[Intel-gfx] [PATCH v2] drm/i915/gt: Register the migrate contexts with their engines
Daniel Vetter
daniel at ffwll.ch
Thu Aug 26 12:44:31 UTC 2021
On Thu, Aug 26, 2021 at 12:45:14PM +0200, Thomas Hellström wrote:
> Pinned contexts, like the migrate contexts need reset after resume
> since their context image may have been lost. Also the GuC needs to
> register pinned contexts.
>
> Add a list to struct intel_engine_cs where we add all pinned contexts on
> creation, and traverse that list at resume time to reset the pinned
> contexts.
>
> This fixes the kms_pipe_crc_basic at suspend-read-crc-pipe-a selftest for now,
> but proper LMEM backup / restore is needed for full suspend functionality.

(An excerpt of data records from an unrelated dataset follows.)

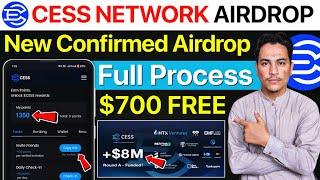 Cess Network Airdrop | Cess Network Mining |  Cess BlockChain Airdrop | Cess airdrop | Claim $700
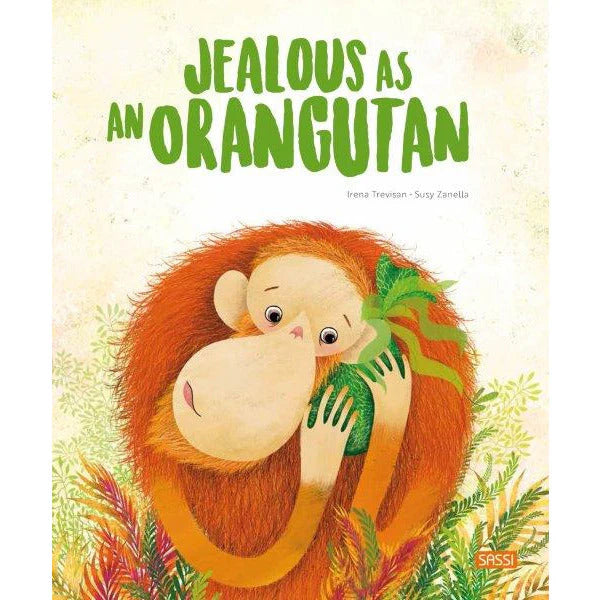 Jealous As An Orangutan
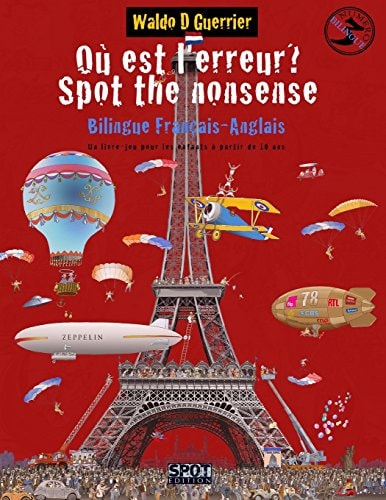Où Est L'erreur? Spot the Nonsense 3 A Bilingual French English Playbook for Children from Age 10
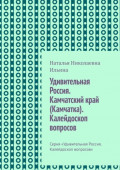 Удивительная Россия. Камчатский край (Камчатка). Калейдоскоп вопросов. Серия &laquo;Удивительная Россия. Калейдоскоп вопросов&raquo;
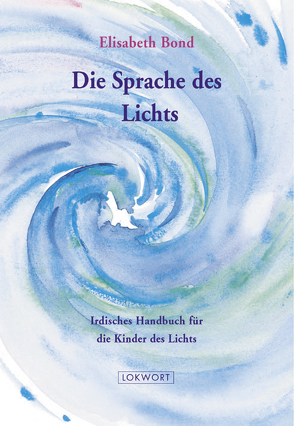 Die Sprache des Lichts von Bond,  Elisabeth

> However, note that even with full LMEM backup / restore it may be
> desirable to keep the reset since backing up the migrate context images
> must happen using memcpy() after the migrate context has become inactive,
> and for performance- and other reasons we want to avoid memcpy() from
> LMEM.
>
> Also traverse the list at guc_init_lrc_mapping() calling
> guc_kernel_context_pin() for the pinned contexts, like is already done
> for the kernel context.
>
> v2:
> - Don't reset the contexts on each __engine_unpark() but rather at
> resume time (Chris Wilson).
>
> Cc: Tvrtko Ursulin <tvrtko.ursulin at linux.intel.com>
> Cc: Matthew Auld <matthew.auld at intel.com>
> Cc: Maarten Lankhorst <maarten.lankhorst at linux.intel.com>
> Cc: Brost Matthew <matthew.brost at intel.com>
> Cc: Chris Wilson <chris at chris-wilson.co.uk>
> Signed-off-by: Thomas Hellström <thomas.hellstrom at linux.intel.com>
I guess it got lost, but I few weeks ago I stumbled over this and wondered
why we're even setting up a separate context or at least why a separate vm
compared to the gt->vm we have already?
Even on chips with bazillions of copy engines the plan is that we only
reserve a single one for kernel migrations, so there's not really a need
for quite this much generality I think. Maybe check with Jon Bloomfield on
this.
Iirc I had also a few other questions on simplifying this area.
-Daniel
> ---
> drivers/gpu/drm/i915/gt/intel_context_types.h | 8 +++++++
> drivers/gpu/drm/i915/gt/intel_engine_cs.c | 4 ++++
> drivers/gpu/drm/i915/gt/intel_engine_pm.c | 23 +++++++++++++++++++
> drivers/gpu/drm/i915/gt/intel_engine_pm.h | 2 ++
> drivers/gpu/drm/i915/gt/intel_engine_types.h | 7 ++++++
> drivers/gpu/drm/i915/gt/intel_gt_pm.c | 3 +++
> drivers/gpu/drm/i915/gt/mock_engine.c | 1 +
> .../gpu/drm/i915/gt/uc/intel_guc_submission.c | 10 +++++---
> 8 files changed, 55 insertions(+), 3 deletions(-)
>
> diff --git a/drivers/gpu/drm/i915/gt/intel_context_types.h b/drivers/gpu/drm/i915/gt/intel_context_types.h
> index e54351a170e2..a63631ea0ec4 100644
> --- a/drivers/gpu/drm/i915/gt/intel_context_types.h
> +++ b/drivers/gpu/drm/i915/gt/intel_context_types.h
> @@ -152,6 +152,14 @@ struct intel_context {
> /** sseu: Control eu/slice partitioning */
> struct intel_sseu sseu;
>
> + /**
> + * pinned_contexts_link: List link for the engine's pinned contexts.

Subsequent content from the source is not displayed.